A great many hours, a lot of energy, and a great deal of money went into drafting the two sets of comments we filed at the FDA on March 21st. The two documents were truly a group effort by both the ITA, the ASA, the staffs of both organizations, and many individuals from all segments of the industry.
After hours of studying the two proposals and the ancillary documents that were utilized by the FDA to justify what they are trying to do, I was struck by several things. First, it is so apparent how little the FDA actually knows about the industry they regulate.
In order to issue a rule that has such a major impact on the target industry and small businesses that make up the industry, the agency was required by law to conduct an economic analysis. Compilation of the data for the analysis took place 5-6 years ago (it was completed in 2011). The industry looks very different today than in 2011, thanks to five years of the Tan Tax, a protracted recession/slow recovery and endless public messaging about “how the sun will kill us.” Additionally, the FDA based its analysis on the contention that there are 18,000-19,000 professional indoor tanning salons and another 15,000-20,000 businesses that offer tanning services. Don’t we wish? The sad truth is that most knowledgeable people in the industry think the industry is half that size.
Equally erroneous, the FDA contends we are a $2.7 billion dollar industry. Seven or eight years ago, we probably were; however, we know from published IRS data that the Tan Tax brought $850,000 into the treasury in 2015. Because that tax is a 10% excise tax on UV tanning, we know we are closer to an $850,000,000 industry – again less than half the FDA estimate.
This is important, because in our submission, we argued that the agency needs to go back to the drawing board and do a better job of understanding the current industry on which they seek to impose multiple layers of new regulations.
One aspect of the analysis that the FDA did accurately report relates to the economic impact of the under-18 ban and the requirement that salon tanners sign a consent (risk acknowledgement certification) form every six months. In the accompanying economic analysis, the report says:
“We estimate the loss in revenue from indoor tanning services to range from 15 to 23 percent, the majority of that, almost 70 percent, from the age restriction. There could also be a loss in sales of products sold in salons associated with sunlamp products because there would be less traffic … Using the estimate of $278,000 for the average revenue per salon, the loss in sales would range from about $42,000 to $64,000.”
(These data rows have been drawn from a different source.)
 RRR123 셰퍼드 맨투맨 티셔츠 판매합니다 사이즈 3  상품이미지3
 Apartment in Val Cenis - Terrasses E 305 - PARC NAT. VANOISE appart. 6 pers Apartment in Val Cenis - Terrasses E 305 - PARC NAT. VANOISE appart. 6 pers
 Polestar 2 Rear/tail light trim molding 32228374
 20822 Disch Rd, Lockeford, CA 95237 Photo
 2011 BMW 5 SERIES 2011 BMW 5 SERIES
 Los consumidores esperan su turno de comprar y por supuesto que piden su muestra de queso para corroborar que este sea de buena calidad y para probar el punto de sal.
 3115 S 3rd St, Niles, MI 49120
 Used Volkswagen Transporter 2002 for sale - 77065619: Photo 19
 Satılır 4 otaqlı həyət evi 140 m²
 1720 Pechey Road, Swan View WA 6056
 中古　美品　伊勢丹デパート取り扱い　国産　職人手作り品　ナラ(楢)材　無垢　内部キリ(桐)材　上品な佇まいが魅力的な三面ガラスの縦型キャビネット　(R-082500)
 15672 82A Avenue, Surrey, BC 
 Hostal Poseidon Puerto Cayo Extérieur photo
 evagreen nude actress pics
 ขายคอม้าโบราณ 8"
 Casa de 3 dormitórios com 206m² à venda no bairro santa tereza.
There is some disagreement in the industry about the impact this ban can have on the profits of a tanning business. However, I think most would agree that if you take $42,000 to $64,000 in profit away from a typical tanning salon, the business will not survive. Irrespective of what you believe, that is what the government believes and this signifies for me an implicit desire of the government to put us out of business. For that reason alone, we are committed to doing everything we can to facilitate significant changes in the two proposed rules.